THE GOOD OLD DAYS?
When Parties Controlled Nominations and Primaries Were to Be Avoided at All Costs
Imagine for a moment that Franklin Delano Roosevelt, Dwight D. Eisenhower, and John F. Kennedy were among us once again. Then imagine that they found themselves in the middle of a presidential campaign. Despite all the new technologies now in use, especially the Internet, the campaign strategy for the general election campaign would look quite familiar to them. The goal would be to win the majority of electoral votes. States would be categorized as safe for one party or the other, hopeless for one party or the other, and battleground. Candidates would move around the country giving speeches and holding rallies in an attempt to win the electoral votes of the crucial battleground states. The goal of winning a majority of electoral votes and the strategy of winning a critical combination of states would be very much the same as it had been in their day.
Suppose, however, that our three returned presidents found themselves in the midst of a campaign for a party's nomination. The object today would be the same as it had been in their day, to accumulate a majority of the delegates at the party's nominating convention. There, however, the similarities would end. The strategy for winning the nomination today bears little resemblance to the strategy of days gone by because the system is so different.

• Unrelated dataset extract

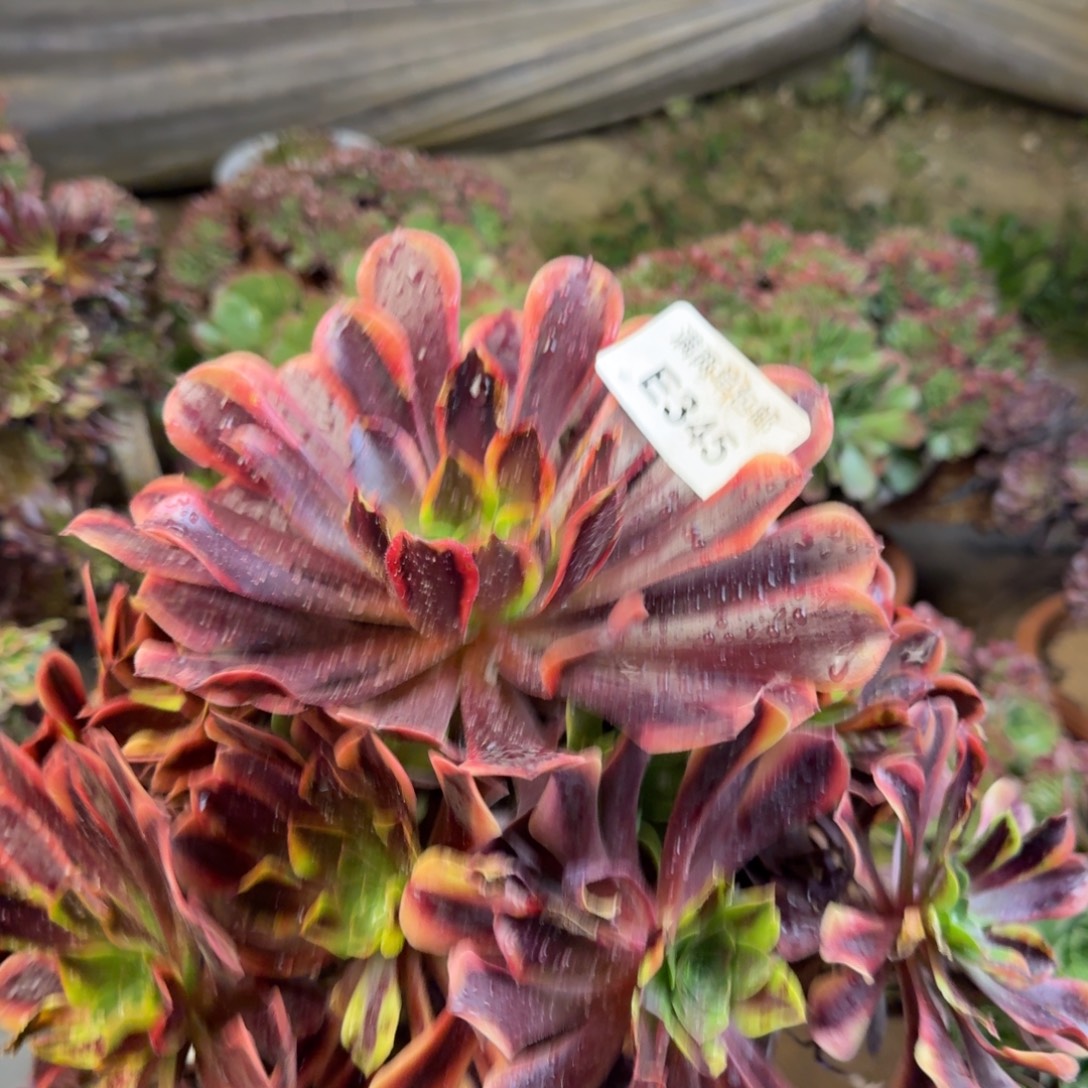 345欧嘉莉法师多肉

For example, imagine FDR's confusion to hear people talking about momentum in February of the year before the convention. In his day momentum was a term used to describe behavior at the convention itself. Imagine Eisenhower's reaction to the news that Senator Howard Baker had given up his job as majority leader of the Senate as well as his Senate seat four years before the presidential election in order to campaign full-time. Eisenhower spent the years before the 1952 convention in Europe with NATO, arriving home in June to campaign for his nomination at the convention in July. Imagine JFK's reaction to the fact that Walter Mondale, a former vice president and favorite of the Democratic Party establishment, had to enter every single primary election held in 1984. Kennedy had to run in primaries, but only because he was viewed as a young upstart by party leaders and needed to prove his vote-getting ability before he could deal seriously for delegates. And imagine how all three men would react to a Democratic primary race in which two senior Democratic senators, Joseph Biden and Christopher Dodd, who between them had logged seventy years in the United States Congress, were never seriously considered for their party's nomination because all the attention and energy were consumed by a former first lady and a first-term African American senator!
What our three returned presidents would soon realize is that winning the presidential nomination of one of America's major political parties in the twenty-first century is a whole new ballgame. Changes in the structure of the nominating system have driven fundamental changes in strategy. The structural changes originated with a reform movement that began in the Democratic Party in 1968 in response to its failure to deal with and incorporate the movement against the war in Vietnam into party politics. This reform movement had the effect of changing not only the Democratic nomination process, but (mostly inadvertently) the Republican nomination process as well. But before we look at the current nomination process and its evolution since the late 1960s, it might make sense to look back at the process it replaced.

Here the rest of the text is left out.